### Task item
Using the records below, quote only the span that opens with the line containing "Chamundeshwari Temple is" and closes with the line containing "The Conscious Closet", exactly and inclusively.

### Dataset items
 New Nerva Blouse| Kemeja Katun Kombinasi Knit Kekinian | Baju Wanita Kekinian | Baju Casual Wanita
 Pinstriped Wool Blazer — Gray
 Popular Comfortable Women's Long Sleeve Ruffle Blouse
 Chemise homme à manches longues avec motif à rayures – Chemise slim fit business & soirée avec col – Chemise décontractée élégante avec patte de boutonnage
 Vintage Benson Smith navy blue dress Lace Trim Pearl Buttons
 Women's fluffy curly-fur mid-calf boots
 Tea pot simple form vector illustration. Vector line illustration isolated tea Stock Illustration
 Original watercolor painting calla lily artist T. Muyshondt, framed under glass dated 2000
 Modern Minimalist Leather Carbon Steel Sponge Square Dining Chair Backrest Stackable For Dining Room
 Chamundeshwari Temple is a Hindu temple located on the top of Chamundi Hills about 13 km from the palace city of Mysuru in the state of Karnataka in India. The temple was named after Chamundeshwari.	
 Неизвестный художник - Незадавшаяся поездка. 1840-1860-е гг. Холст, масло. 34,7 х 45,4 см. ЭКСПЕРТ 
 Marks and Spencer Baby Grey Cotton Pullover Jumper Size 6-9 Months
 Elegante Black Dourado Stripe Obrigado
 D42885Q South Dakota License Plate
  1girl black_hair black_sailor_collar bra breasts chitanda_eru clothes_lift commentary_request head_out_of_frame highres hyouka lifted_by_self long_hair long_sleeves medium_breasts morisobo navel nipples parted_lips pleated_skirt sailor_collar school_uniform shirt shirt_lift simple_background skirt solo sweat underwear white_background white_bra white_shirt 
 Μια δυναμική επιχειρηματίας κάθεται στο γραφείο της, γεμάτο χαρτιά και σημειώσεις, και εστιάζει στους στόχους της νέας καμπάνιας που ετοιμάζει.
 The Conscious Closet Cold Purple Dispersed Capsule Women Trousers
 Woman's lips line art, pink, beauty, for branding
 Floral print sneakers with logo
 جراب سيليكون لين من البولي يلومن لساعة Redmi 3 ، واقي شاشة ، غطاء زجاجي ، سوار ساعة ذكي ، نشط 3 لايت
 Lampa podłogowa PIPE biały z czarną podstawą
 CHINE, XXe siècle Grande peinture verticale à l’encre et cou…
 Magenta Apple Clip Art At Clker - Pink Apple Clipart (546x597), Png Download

### Written solution
 Chamundeshwari Temple is a Hindu temple located on the top of Chamundi Hills about 13 km from the palace city of Mysuru in the state of Karnataka in India. The temple was named after Chamundeshwari.	
 Неизвестный художник - Незадавшаяся поездка. 1840-1860-е гг. Холст, масло. 34,7 х 45,4 см. ЭКСПЕРТ 
 Marks and Spencer Baby Grey Cotton Pullover Jumper Size 6-9 Months
 Elegante Black Dourado Stripe Obrigado
 D42885Q South Dakota License Plate
  1girl black_hair black_sailor_collar bra breasts chitanda_eru clothes_lift commentary_request head_out_of_frame highres hyouka lifted_by_self long_hair long_sleeves medium_breasts morisobo navel nipples parted_lips pleated_skirt sailor_collar school_uniform shirt shirt_lift simple_background skirt solo sweat underwear white_background white_bra white_shirt 
 Μια δυναμική επιχειρηματίας κάθεται στο γραφείο της, γεμάτο χαρτιά και σημειώσεις, και εστιάζει στους στόχους της νέας καμπάνιας που ετοιμάζει.
 The Conscious Closet Cold Purple Dispersed Capsule Women Trousers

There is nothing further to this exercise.